Bram Tankink, the official website


Buschauffeur

11 Juni 2009

Ik zag de reactie van Klaas al in het gastenboek en dat is vaak hoe mensen er naar kijken, de uitslag. Maar dat zegt niet altijd alles over iemands conditie. Natuurlijk rijd ik niet met de besten mee bergop, maar dramatisch is het zeker niet. In het begin heb ik volop meegesprongen en even leek ik in de juiste ontsnapping te zitten. Iedereen werkte volle bak mee, maar het peleton wilde niet laten begaan. Het waren er teveel. Vervolgens was er een grote valpartij met veel schade, en daar konden 4 renners gebruik van maken die licht vooruit reden. Dat was de ontsnapping van de dag. Breukink had die ochtend al gezegd dat als er uiteindelijk niemand mee zou zitten we het heft wel eens in handen konden nemen voor de Ventoux. Voor Robert. 25km voor de voet kregen Joost en ik de opdracht om te gaan meerijden met de twee mannen van Lotto. Dus trokken we ons in gang om de voorsprong van 8 min kleiner te maken om nog kans te maken op de dagzege met Robert. Dat ging prima, maar al snel hielden de mannen van Lotto het voor gezien en wilden ons twee al het werk opzadelen. Dat kon niet de bedoeling zijn dus heb ik ze wel kunnen overtuigen om nog even mee te rijden. Hun argument was dat we te hard reden en toen heb ik voorgesteld hun kopbeurten dan maar op hun eigen tempo te doen.
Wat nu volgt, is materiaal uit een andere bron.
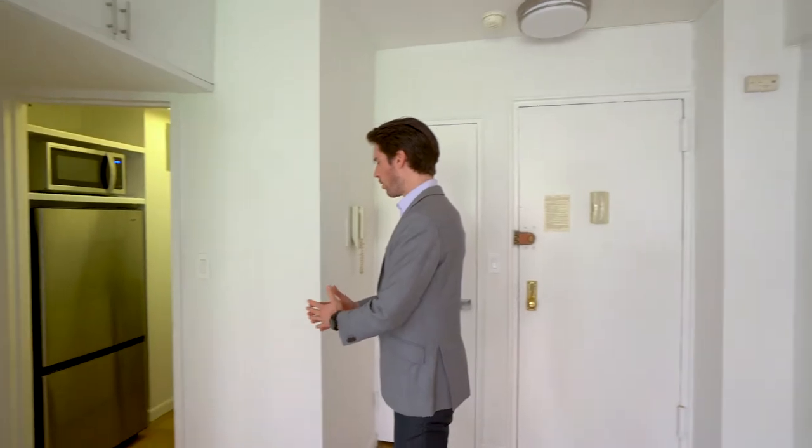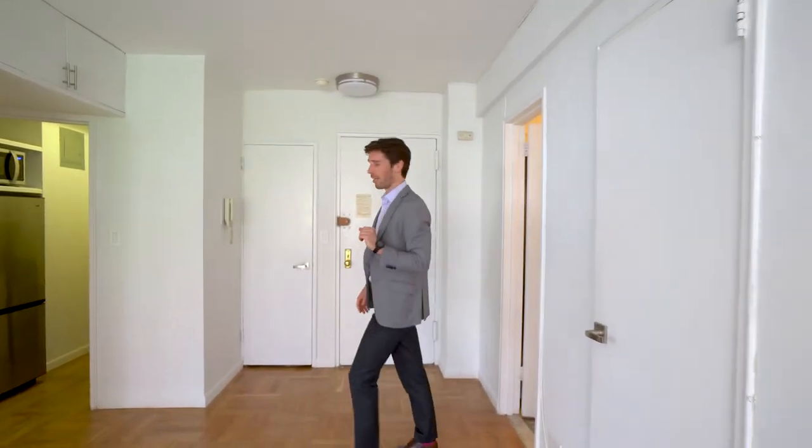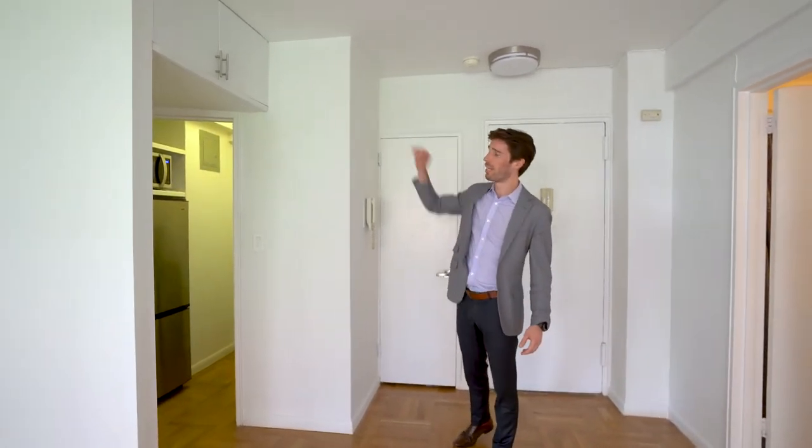With the kitchen, what I would do is maybe open this up, put in a countertop and some bar stools. With storage, no need to even talk about that — we have one closet right here, a second one, a third pantry, and then overhead storage.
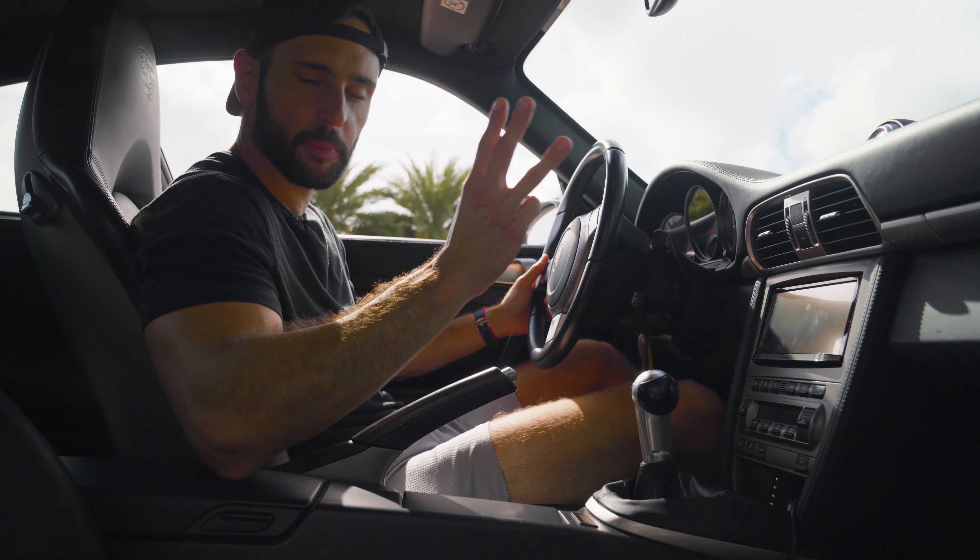I'm going to press the button — just triggered 21 pounds of boost. This is probably going to be terrifying. First gear, let's see what we got. Oh my god. Yeah, this is borderline ridiculous. It doesn't feel any slower than that stage 2 Turbo S we drove a couple days ago, because this car is so much lighter. Holy shit — and I haven't even gotten into third gear. I do appreciate the fact that it's all-wheel drive because it does put the power down. It's a lot faster in the car than I'm accustomed to.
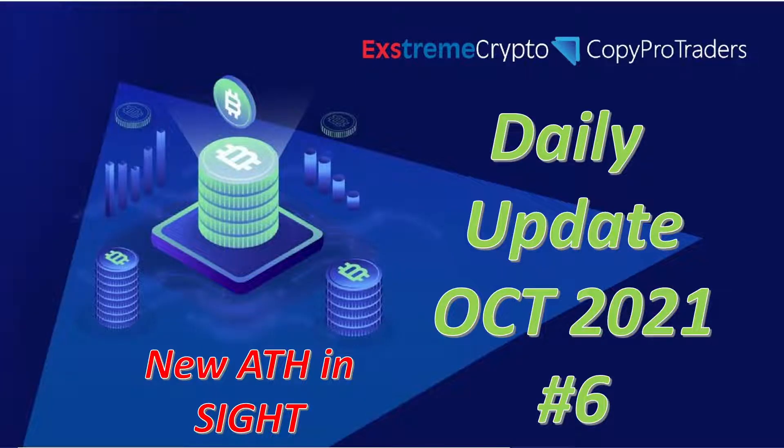Hey everyone, Xtreme Crypto here with our daily update as we continue trading through CopyPro Traders. What's been happening? Well, it seems like Bitcoin is on its way to new all-time highs, but let's look at the charts and see where we're standing.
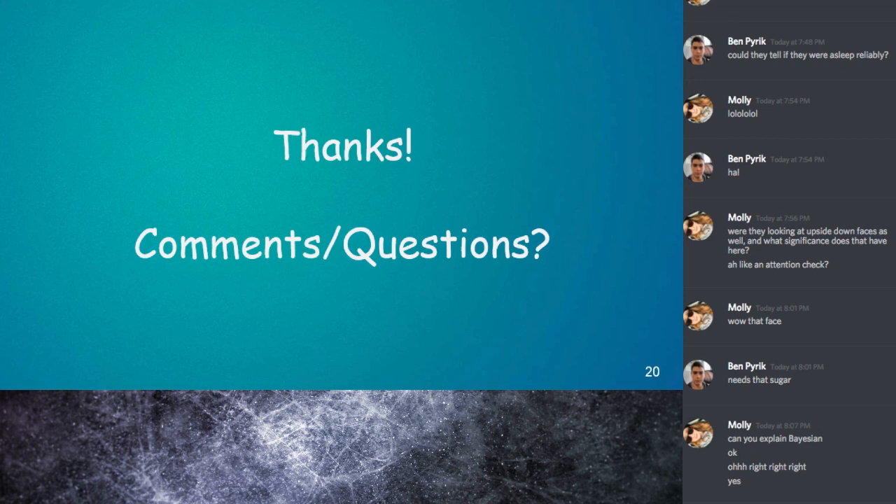So yeah, this was sort of a long discussion. Does anyone have questions or comments before we go?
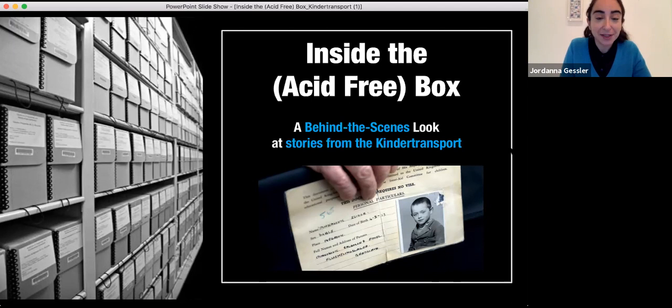Welcome everyone to Holocaust Museum LA's Inside the Acid Free Box, a monthly series where we take you behind the scenes and look at some of our most beloved and cherished collections of artifacts. My name is Jordana Gessler and I am the Vice President of Education and Exhibits at Holocaust Museum LA. I'm joined here with my colleague Christy who is calling in from our archive. We are going to be looking at a really interesting exhibition that focuses on one of the most incredible rescue missions during the Holocaust — the Kindertransport.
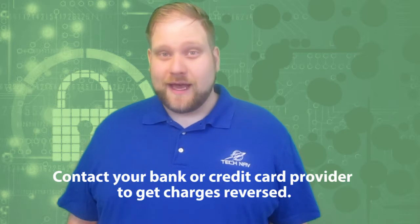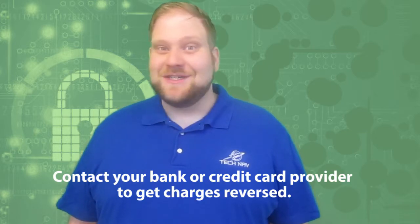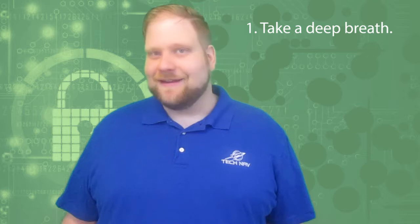So what should you do? First, I want to say to anybody who has been targeted by this scam: if you've paid the scammers, you can still contact your bank or credit card provider and get those charges reversed, because they didn't do anything for you. If this happens, the first thing I want you to do is take a deep breath. Odds are pretty good your computer is not compromised and your credit card data is not being used.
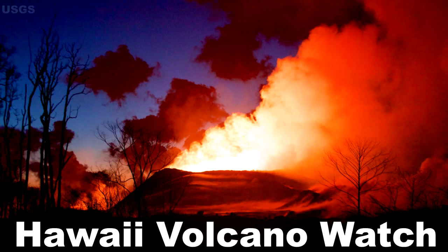And that'll do it for this edition of the Hawaii Volcano Watch Report. Don't forget to hit that like button, subscribe, bell icon, and share this video, and have an amazing morning, afternoon, and evening.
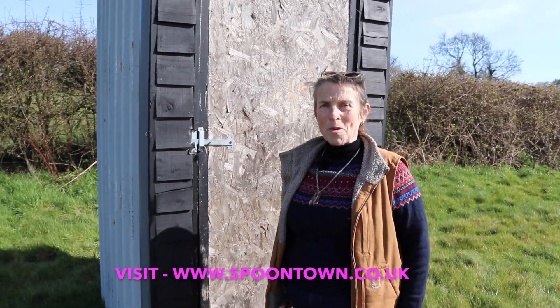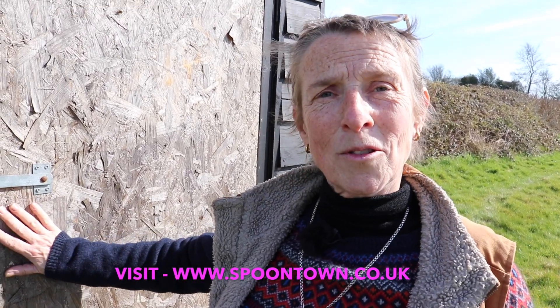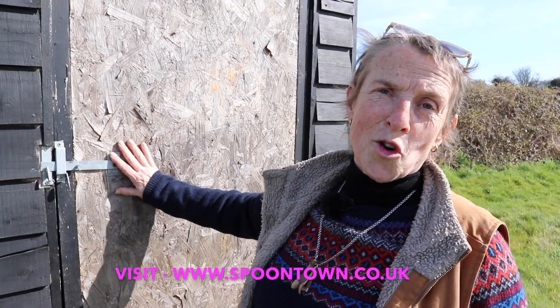Hi, this is Jill from spoontown.co.uk, the largest gathering in the south of England of spoon carvers. This is the most exciting bit of all our videos: the toilets.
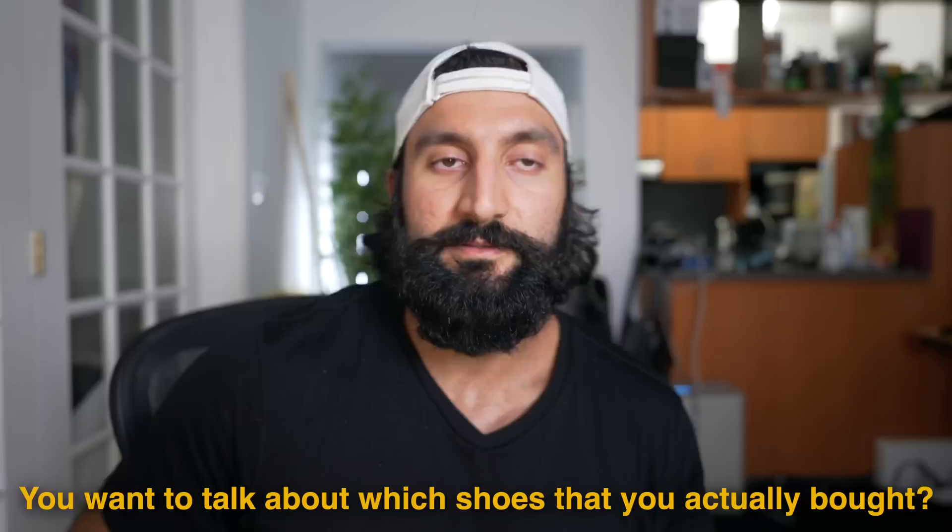Someone asked if I want to talk about which shoes I actually bought - and no, that was the freaking point. Don't buy whatever shoes I buy. Go buy the shoes that are best for you. That is exactly why I'm not telling you which shoes I bought.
Voor de Ventoux hadden we nog een klimmetje van 4e catogorie en daar aangekomen hadden we al wat van de voorsprong afgesnoept. Met het motto van ik rij op kop en dan maar meteen goed ben ik vanaf de voet vol omhoog gereden. Als ik pijn moet lijden, dan is het beter dat de rest dat ook doet. Ik heb het door kunnen trekken tot de top en daar nam Joost het weer over voor de afdaling die hij duizelingwekkend snel nam. Aan de voet van de Ventoux heb ik nog een keer een flinke snok gegeven en toen mijn fiets opzij gestuurd. Langer op kop rijden zou geen toegevoegde waarde meer hebben.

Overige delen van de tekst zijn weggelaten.